GSE students and faculty gathered for a post-election workshop on November 14th to discuss strategies for creating accepting, inclusive environments for students, clients and families in schools and other settings. Participants discussed what their professional roles are in relation to fostering unity, acceptance, and inclusiveness.
This workshop addressed these issues in the context of Fordham’s commitment to Cura Personalis (care for the whole person) as well as our pedagogical lens of context, experience, reflection, action and evaluation.
Students were organized into four groups: early childhood, childhood, adolescence, and adulthood and were tasked with answering four questions:
- What is the context of your school, classroom, or other clinical placement?
- What issues have surfaced?
- What dialogues are taking place?
- What strategies, activities, and lessons can be used to support students and build inclusiveness?
After an election cycle with abhorrent rhetoric, many children and adults, especially those from marginalized groups, have internalized messages of exclusion.
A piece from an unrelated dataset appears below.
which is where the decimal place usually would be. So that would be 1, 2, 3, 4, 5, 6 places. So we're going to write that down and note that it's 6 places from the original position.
The Southern Poverty Law Center collected over 400 incidents of hateful intimidation and harassment between November 9th and the 14th.
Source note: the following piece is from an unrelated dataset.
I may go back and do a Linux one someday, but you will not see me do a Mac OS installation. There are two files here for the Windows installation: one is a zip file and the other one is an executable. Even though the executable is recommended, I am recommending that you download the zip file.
Emily Bazelon of The New York Times Magazine and author of “Sticks and Stones: Defeating the Culture of Bullying and Rediscovering the Power of Character and Empathy” says that “Parents often ask about the impact on kids when they see celebrities or leaders treat other people badly or fail to stand up to bigotry and prejudice. There’s no way to measure the precise effect. But kids are attuned to cultural expectations. They absorb shared ideas about what behavior is permitted and what is intolerable. If the president of the United States and his top officials wave away racism and harassment, or traffic in prejudice themselves, kids are at risk of getting the message that this stuff is O.K. after all.”
Tips and takeaways from this week’s Fostering Unity workshop will be compiled and made available for professionals later this year.